Content starts

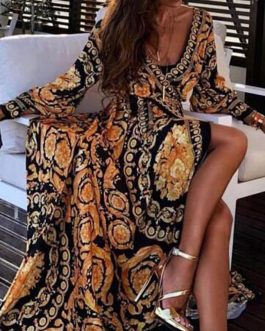 Long Sleeve Retro Floral Cover Up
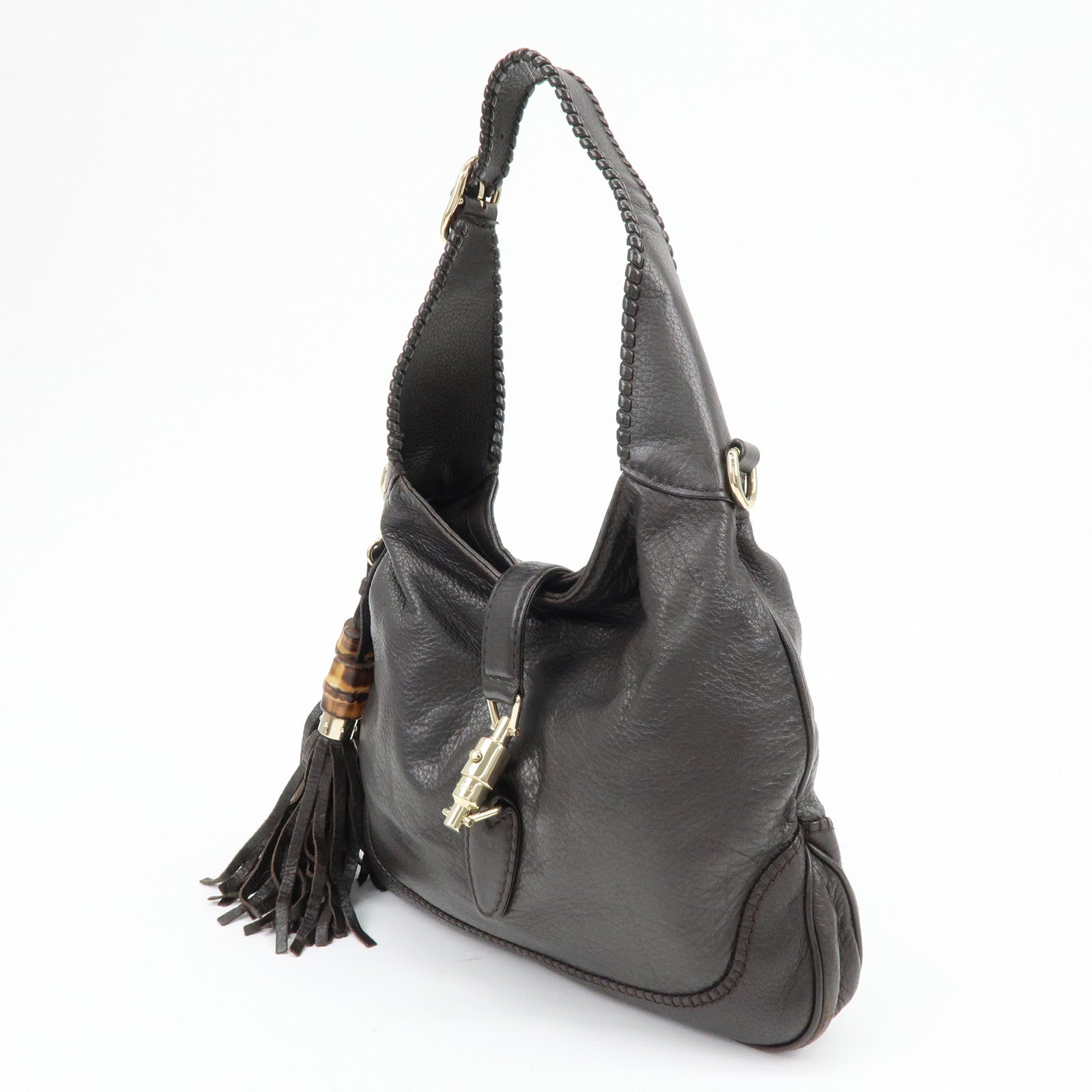 GUCCI New Jackie Leather 2Way Bag Shoulder Bag Dark Brown 219725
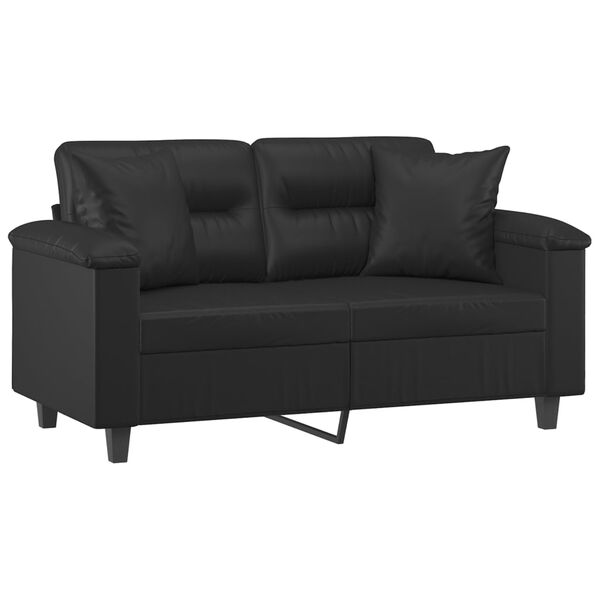 vidaXL 2-osobowa sofa z poduszkami, czarna, 120 cm, sztuczna sk&oacute;ra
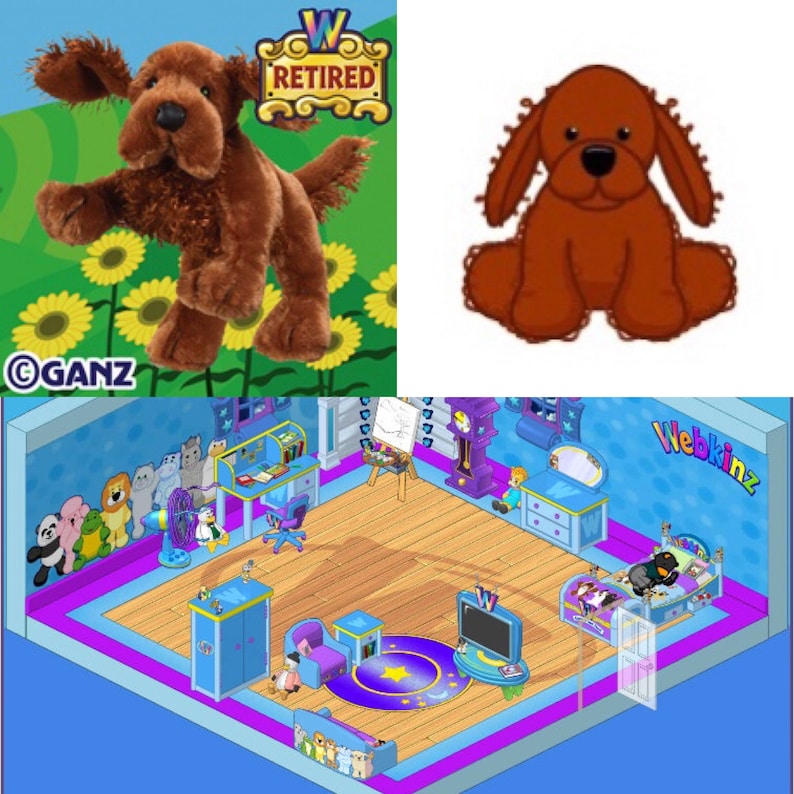 Op de afbeelding: Een virtuele Webkinz-huisdierkamer met een blauw en paars kleurenschema. De kamer heeft een bed, een bureau, een tapijt en verschillende meubels. De kamer is versierd met verschillende items, waaronder een klok, een lamp en een fotolijst. De kamer is ook versierd met verschillende knuffels, waaronder een hond, een kat en een beer. De kamer is versierd met de tekst "Webkinz" in een blauw en wit lettertype.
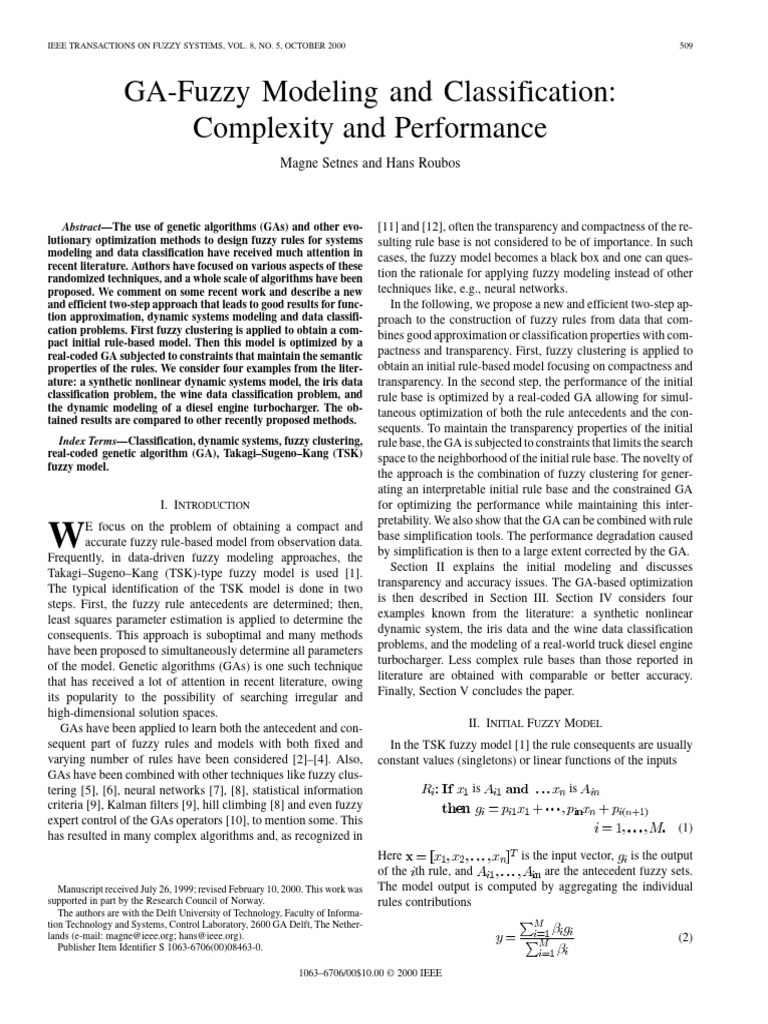 GA Fuzzy Modeling and Classification Com | PDF | Mathematical ...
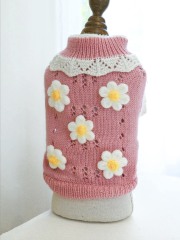 Wholesale ODM Floral Knit Dog Sweater – Soft, Stylish Pet Wear for B2B Orders
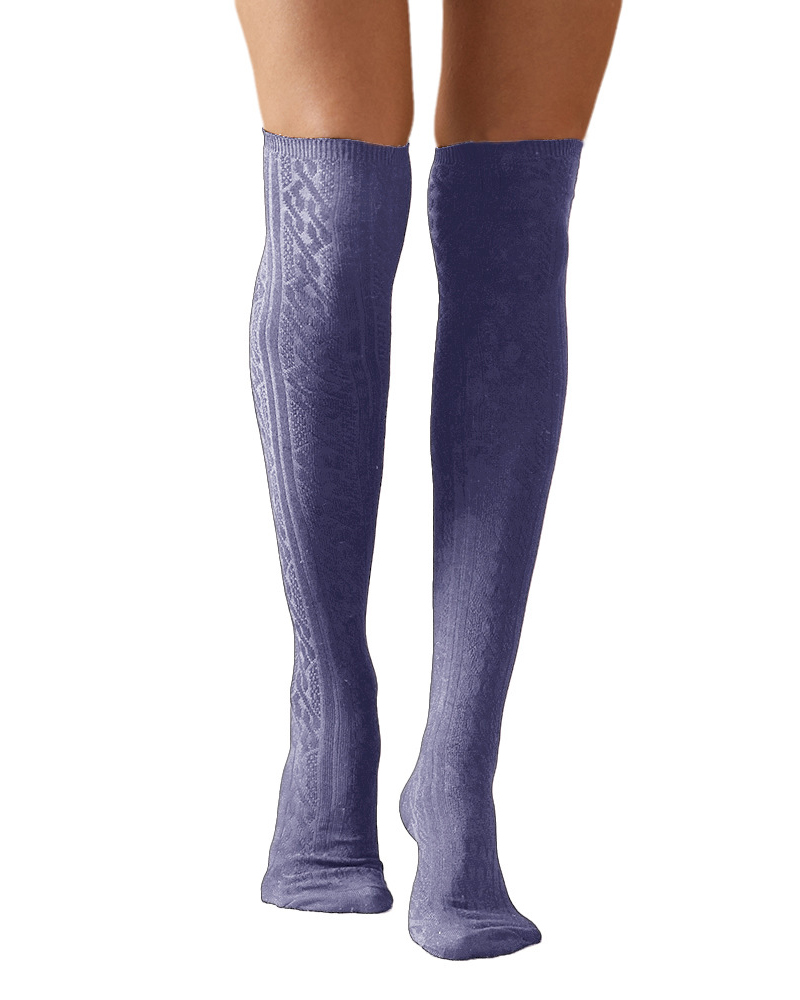 

Cable Knit Over The Knee High Long Socks, Purple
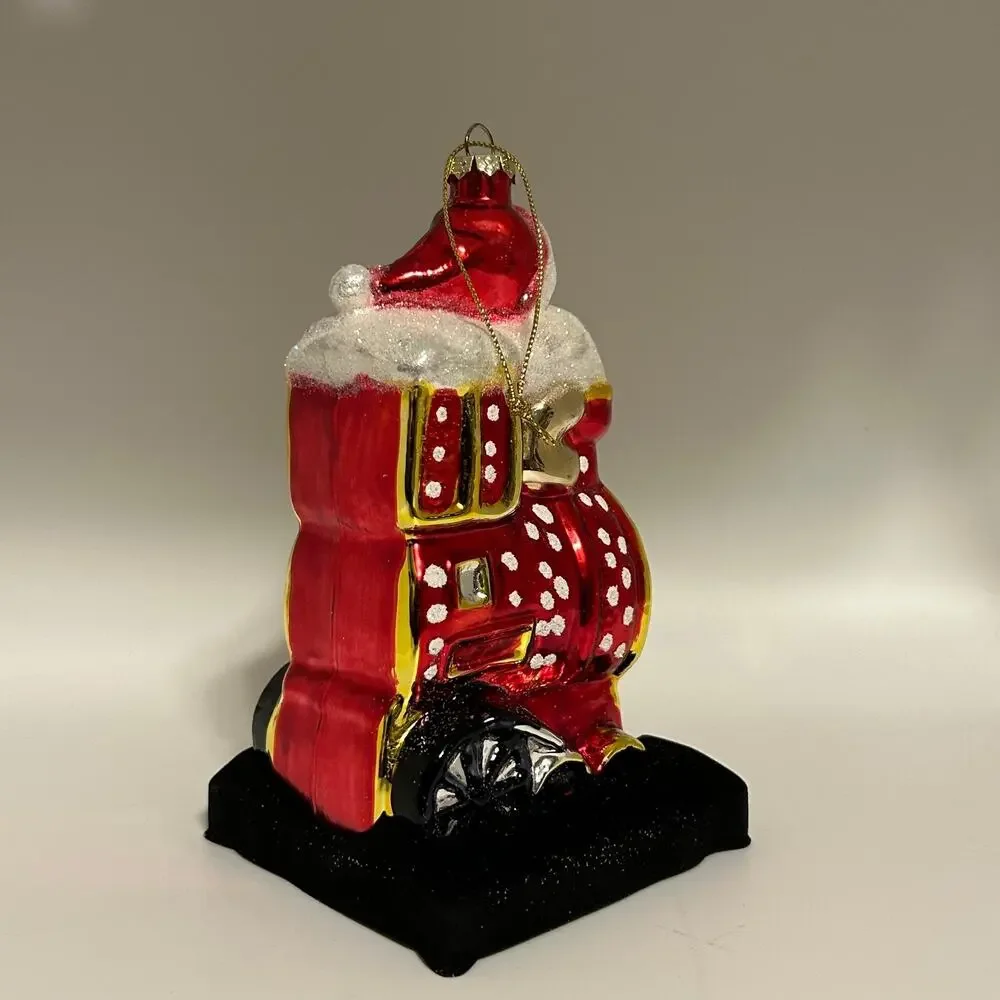 Glass Ornament Bear Train Far East Brokers 5.5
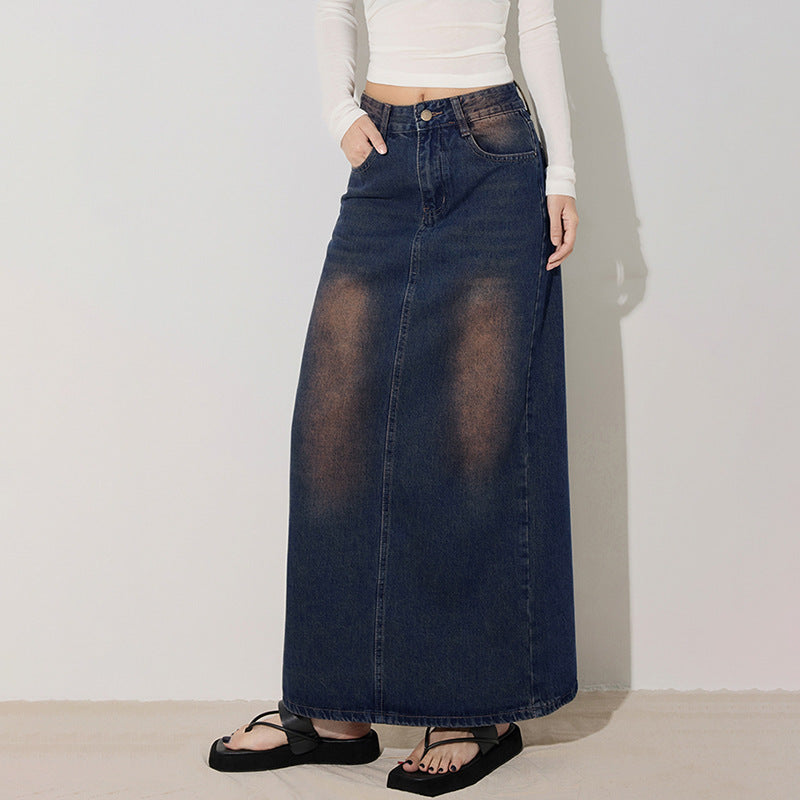 Sensational Versatile Personalized Denim Midi Skirt Women Spring  Slimming Heightening Denim Long Skirt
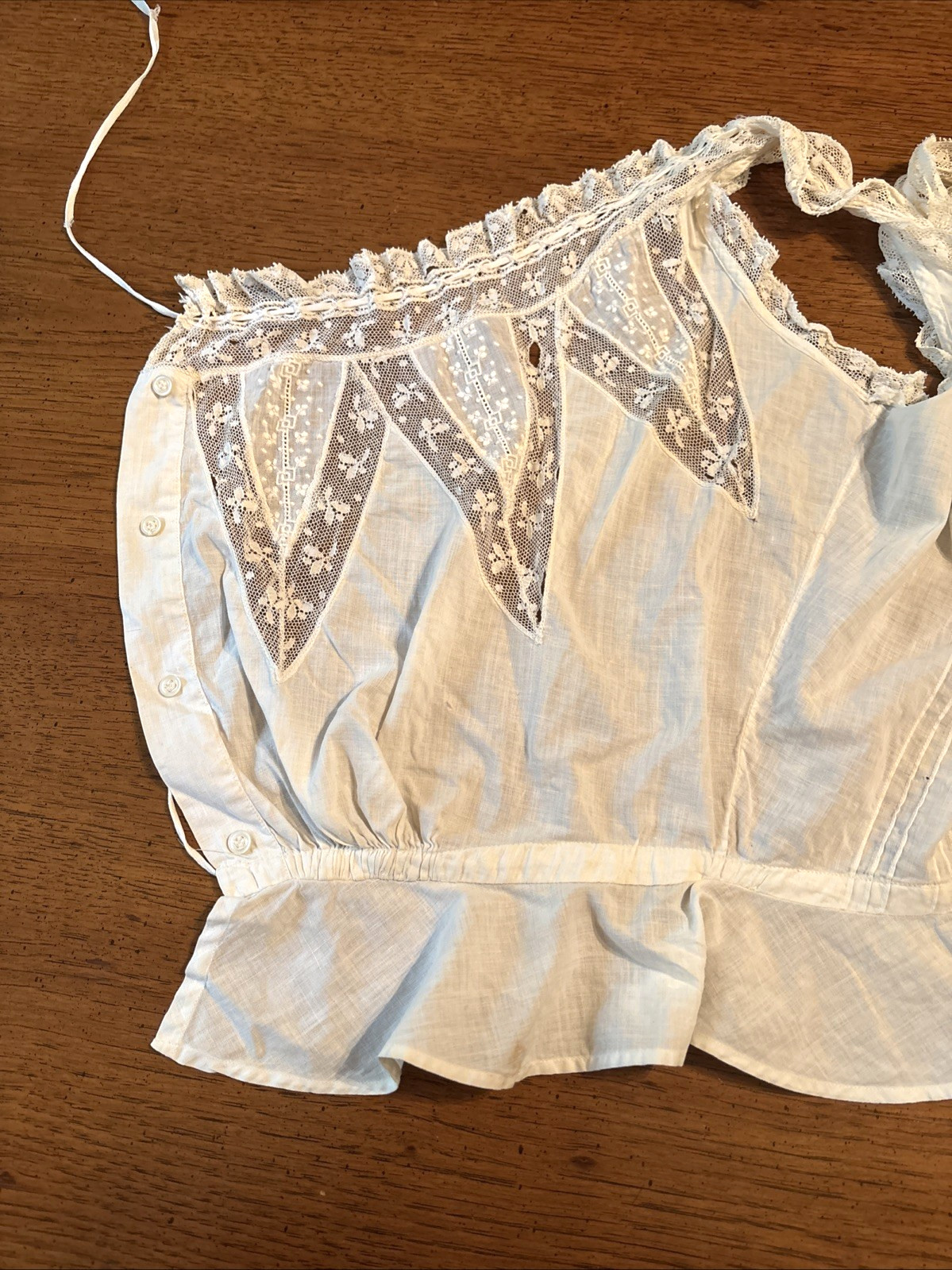 ANTIQUE VICTORIAN EDWARIAN CAMISOLE CORSET COVER LACE COTTON S Grannycore Read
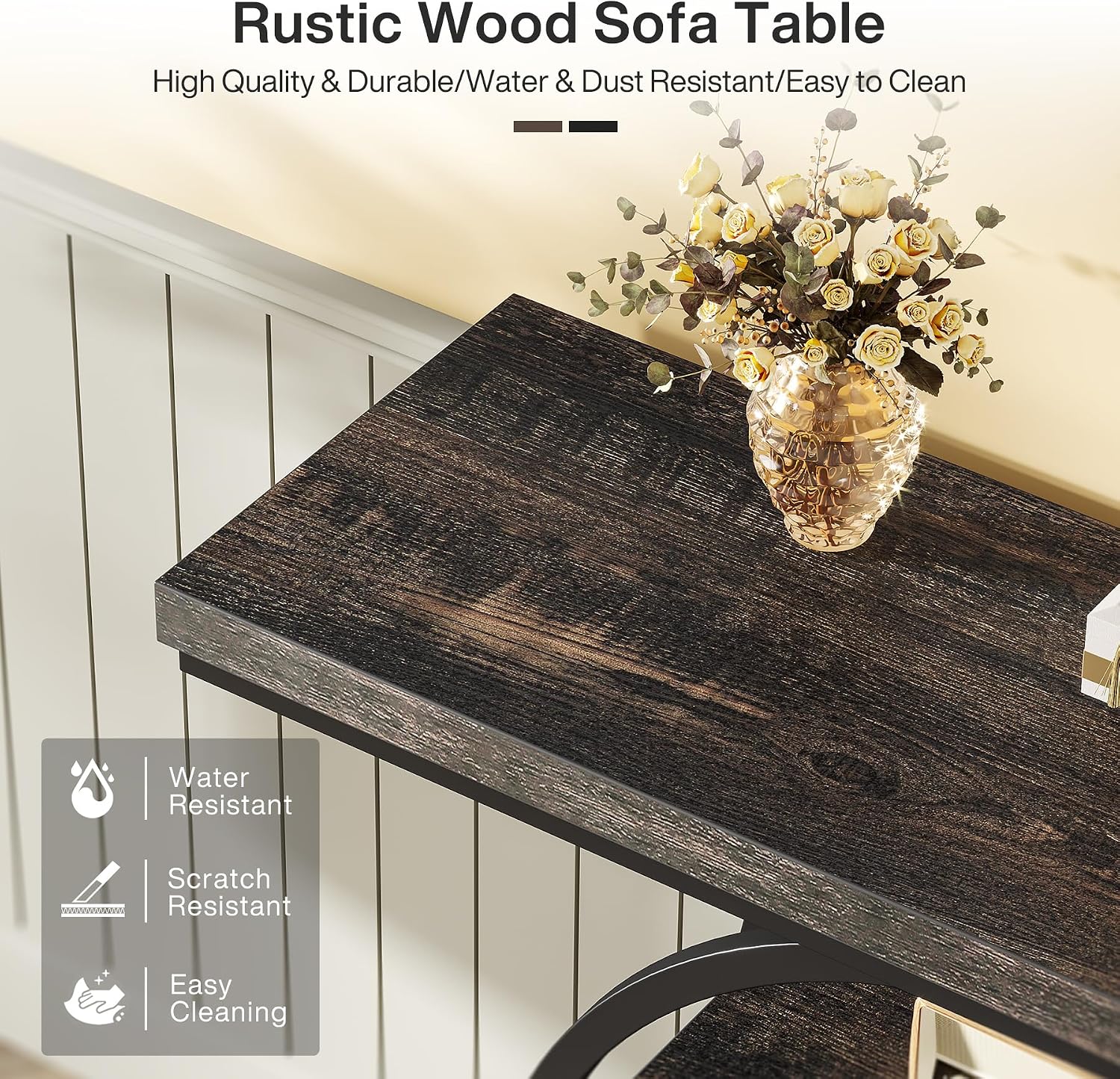 Tribesigns 41.3' Console Table, Industrial 4-Tier Sofa Table Entryway Table with Circle Base, Narrow Wood Accent Tables with Storage Shelves for Living Room, Hallway, Foyer, Charcoal Black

Content ends

#### [WORK TASK]
Transcribe the listing exactly. Its images are to be omitted.

#### [YOUR RESPONSE]
 Long Sleeve Retro Floral Cover Up
 GUCCI New Jackie Leather 2Way Bag Shoulder Bag Dark Brown 219725
 vidaXL 2-osobowa sofa z poduszkami, czarna, 120 cm, sztuczna sk&oacute;ra
 Op de afbeelding: Een virtuele Webkinz-huisdierkamer met een blauw en paars kleurenschema. De kamer heeft een bed, een bureau, een tapijt en verschillende meubels. De kamer is versierd met verschillende items, waaronder een klok, een lamp en een fotolijst. De kamer is ook versierd met verschillende knuffels, waaronder een hond, een kat en een beer. De kamer is versierd met de tekst "Webkinz" in een blauw en wit lettertype.
 GA Fuzzy Modeling and Classification Com | PDF | Mathematical ...
 Wholesale ODM Floral Knit Dog Sweater – Soft, Stylish Pet Wear for B2B Orders

Cable Knit Over The Knee High Long Socks, Purple
 Glass Ornament Bear Train Far East Brokers 5.5
 Sensational Versatile Personalized Denim Midi Skirt Women Spring  Slimming Heightening Denim Long Skirt
 ANTIQUE VICTORIAN EDWARIAN CAMISOLE CORSET COVER LACE COTTON S Grannycore Read
 Tribesigns 41.3' Console Table, Industrial 4-Tier Sofa Table Entryway Table with Circle Base, Narrow Wood Accent Tables with Storage Shelves for Living Room, Hallway, Foyer, Charcoal Black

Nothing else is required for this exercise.